[Problem requirements]
Exactly the lines from the first line of the listing through the line containing "20路 23路 24路 三线的表白专车来自于白神一家对新春的祝福。无轨电车" should appear in the output, unchanged.
Data extract Block Start
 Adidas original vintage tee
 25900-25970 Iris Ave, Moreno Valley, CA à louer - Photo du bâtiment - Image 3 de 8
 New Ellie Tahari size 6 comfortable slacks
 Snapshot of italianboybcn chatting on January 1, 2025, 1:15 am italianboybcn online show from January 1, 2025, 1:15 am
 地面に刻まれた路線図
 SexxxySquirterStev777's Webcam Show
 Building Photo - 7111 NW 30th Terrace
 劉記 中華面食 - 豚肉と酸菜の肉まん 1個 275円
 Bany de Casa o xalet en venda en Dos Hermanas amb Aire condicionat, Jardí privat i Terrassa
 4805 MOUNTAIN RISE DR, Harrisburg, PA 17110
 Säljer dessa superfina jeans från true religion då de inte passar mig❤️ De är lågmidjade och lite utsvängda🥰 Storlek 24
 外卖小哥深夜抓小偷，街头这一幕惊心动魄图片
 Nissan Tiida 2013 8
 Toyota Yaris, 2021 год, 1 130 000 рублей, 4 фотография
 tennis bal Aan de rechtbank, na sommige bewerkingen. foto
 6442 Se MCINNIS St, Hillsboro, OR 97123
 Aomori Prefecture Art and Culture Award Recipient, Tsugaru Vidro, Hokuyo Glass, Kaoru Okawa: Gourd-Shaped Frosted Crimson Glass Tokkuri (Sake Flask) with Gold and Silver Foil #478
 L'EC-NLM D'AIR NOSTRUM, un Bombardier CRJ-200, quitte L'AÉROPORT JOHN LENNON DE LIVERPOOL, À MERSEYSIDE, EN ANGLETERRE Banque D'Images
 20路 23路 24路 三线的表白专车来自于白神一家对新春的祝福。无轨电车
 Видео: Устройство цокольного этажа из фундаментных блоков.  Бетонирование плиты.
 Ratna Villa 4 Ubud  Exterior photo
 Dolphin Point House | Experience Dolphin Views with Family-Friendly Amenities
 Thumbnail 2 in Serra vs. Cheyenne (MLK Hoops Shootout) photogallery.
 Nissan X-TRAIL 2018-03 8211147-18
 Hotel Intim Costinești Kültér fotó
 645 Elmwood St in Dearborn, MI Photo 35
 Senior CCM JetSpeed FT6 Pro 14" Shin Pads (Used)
Data extract Block End
[Result for this task]
 Adidas original vintage tee
 25900-25970 Iris Ave, Moreno Valley, CA à louer - Photo du bâtiment - Image 3 de 8
 New Ellie Tahari size 6 comfortable slacks
 Snapshot of italianboybcn chatting on January 1, 2025, 1:15 am italianboybcn online show from January 1, 2025, 1:15 am
 地面に刻まれた路線図
 SexxxySquirterStev777's Webcam Show
 Building Photo - 7111 NW 30th Terrace
 劉記 中華面食 - 豚肉と酸菜の肉まん 1個 275円
 Bany de Casa o xalet en venda en Dos Hermanas amb Aire condicionat, Jardí privat i Terrassa
 4805 MOUNTAIN RISE DR, Harrisburg, PA 17110
 Säljer dessa superfina jeans från true religion då de inte passar mig❤️ De är lågmidjade och lite utsvängda🥰 Storlek 24
 外卖小哥深夜抓小偷，街头这一幕惊心动魄图片
 Nissan Tiida 2013 8
 Toyota Yaris, 2021 год, 1 130 000 рублей, 4 фотография
 tennis bal Aan de rechtbank, na sommige bewerkingen. foto
 6442 Se MCINNIS St, Hillsboro, OR 97123
 Aomori Prefecture Art and Culture Award Recipient, Tsugaru Vidro, Hokuyo Glass, Kaoru Okawa: Gourd-Shaped Frosted Crimson Glass Tokkuri (Sake Flask) with Gold and Silver Foil #478
 L'EC-NLM D'AIR NOSTRUM, un Bombardier CRJ-200, quitte L'AÉROPORT JOHN LENNON DE LIVERPOOL, À MERSEYSIDE, EN ANGLETERRE Banque D'Images
 20路 23路 24路 三线的表白专车来自于白神一家对新春的祝福。无轨电车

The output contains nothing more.